Some of Obama’s remarks:

To finally spark the creation of a clean energy economy, we will double the production of alternative energy in the next three years. We will modernize more than 75% of federal buildings and improve the energy efficiency of two million American homes, saving consumers and taxpayers billions on our energy bills. In the process, we will put Americans to work in new jobs that pay well and can’t be outsourced–jobs building solar panels and wind turbines; constructing fuel-efficient cars and buildings; and developing the new energy technologies that will lead to even more jobs, more savings, and a cleaner, safer planet in the bargain.

To build an economy that can lead [to] this future, we will begin to rebuild America. Yes, we’ll put people to work repairing crumbling roads, bridges, and schools by eliminating the backlog of well planned, worthy and needed infrastructure projects. But we’ll also do more to retrofit America for a global economy. That means updating the way we get our electricity by starting to build a new smart grid that will save us money, protect our power sources from blackout or attack, and deliver clean, alternative forms of energy to every corner of our nation.
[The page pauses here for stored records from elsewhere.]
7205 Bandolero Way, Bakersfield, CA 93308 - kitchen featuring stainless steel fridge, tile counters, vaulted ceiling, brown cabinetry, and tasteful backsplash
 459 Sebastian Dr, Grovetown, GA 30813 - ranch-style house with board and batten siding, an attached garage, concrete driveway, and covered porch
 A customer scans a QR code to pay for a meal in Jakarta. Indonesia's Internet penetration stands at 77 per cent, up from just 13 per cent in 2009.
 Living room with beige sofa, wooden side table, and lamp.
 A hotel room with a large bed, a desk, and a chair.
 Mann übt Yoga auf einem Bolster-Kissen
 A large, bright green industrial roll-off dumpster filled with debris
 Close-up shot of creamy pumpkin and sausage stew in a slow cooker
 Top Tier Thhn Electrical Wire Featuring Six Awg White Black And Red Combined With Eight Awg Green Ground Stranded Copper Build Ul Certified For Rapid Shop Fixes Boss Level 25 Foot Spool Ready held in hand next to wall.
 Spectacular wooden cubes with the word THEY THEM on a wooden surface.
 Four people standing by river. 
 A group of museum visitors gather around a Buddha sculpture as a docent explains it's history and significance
Meanwhile, economists debate whether clean-energy jobs are the best way to stimulate the economy.

Here’s Robert Stavins, an economist at Harvard, as quoted in the New Yorker.

Let’s say I want to have a dinner party. It’s important that I cook dinner, and I’d also like to take a shower before the guests arrive. You might think, Well, it would be really efficient for me to cook dinner in the shower. But it turns out that if I try that I’m not going to get very clean and it’s not going to be a very good dinner. And that is an illustration of the fact that it is not always best to try to address two challenges with what in the policy world we call a single-policy instrument.

In one argument, subsidizing green energy could actually lead to increased energy consumption overall, without much benefit in terms of jobs.